PROBLEM STATEMENT:
Apply Hadoop mapreduce to derive some statistics from White House Visitor Log. There are currently 3 million+ records available at
http://www.whitehouse.gov/briefing-room/disclosures/visitor-records
Data is available as web only spreadsheet view and downloadable raw format in CSV (Comma Separated Value). In CSV format each column is separated by a comma in each line. The first line represents the heading for the corresponding columns in other lines. We are going to use this raw data for our mapreduce operation.
You are required to write efficient Hadoop MapReduce programs in Java to find the following information:
(i) The 10 most frequent visitors (NAMELAST, NAMEFIRST) to the White House.
(ii) The 10 most frequently visited people (visitee_namelast, visitee_namefirst) in the White House.
(iii) The 10 most frequent visitor-visitee combinations.
(iv) Average number of visitors by month of a year. Say what is the average number of visitors in January over last 4 years. Your program should produce average number of visitors for 12 months. Consider APPT_START_DATE as the visit date value.
Consider mapreduce chaining for efficiency.
STEPS TO HADOOP-COMPILE AND RUN MY CODE:
STEP 1. Place respective java file in Unix[Assignment1.java/Assignment2.java/Assignment3.java/Assignment4.java]

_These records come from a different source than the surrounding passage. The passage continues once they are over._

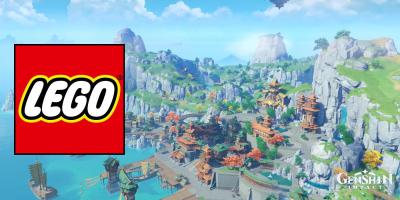 Fã de Genshin Impact cria conceito LEGO de Liyue em proposta para linha oficial
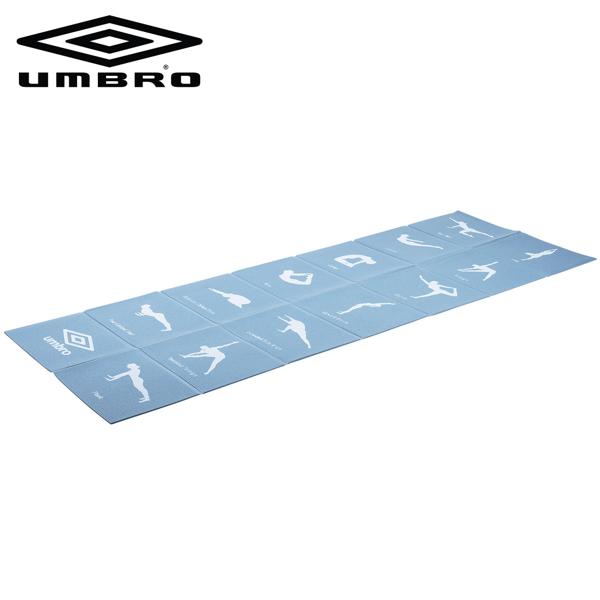 Faltbare Yogamatte 174x62 cm - Ideal für Reisen & Zuhause - Fitnessmatte für Yoga, Pilates & Sport - Gelenkentlastung - rutschfest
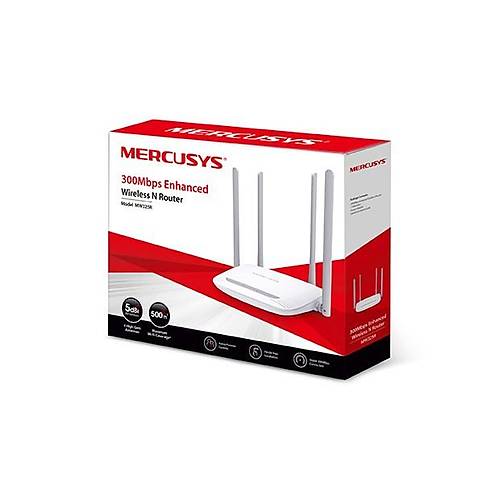 Mercusys MW325R 300 Mbps Gelitirilmi Router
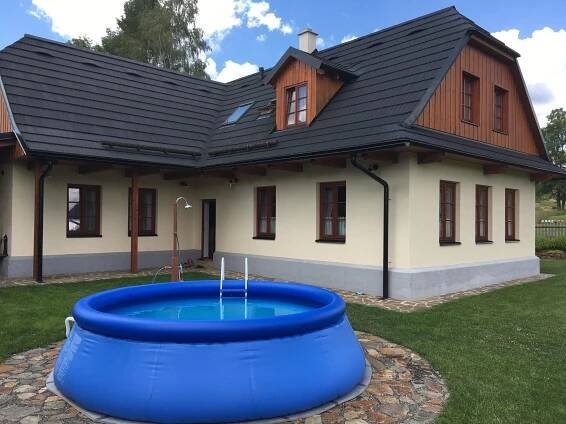 Ubytování Cikháj, Chalupa za humny - Vysočina chalupa, 4995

STEP 2. Clear Output directories to remove any previous output
STEP 3. Place Input files in Input directory
STEP 4. Compile the java code using following command: javac -classpath /usr/local/hadoop-1.0.4/hadoop-core-1.0.4.jar -d assignment3_classes assignment3.java
STEP 5. Create the jar using following command: jar -cvf assignment3.jar -C assignment3_classes/ .
STEP 6. Run the jar file using following command: hadoop jar assignment3.jar assignment3 ./input ./tmp ./output [NOTE: For Assignment4, there are only two arguments INPUT and OUTPUT]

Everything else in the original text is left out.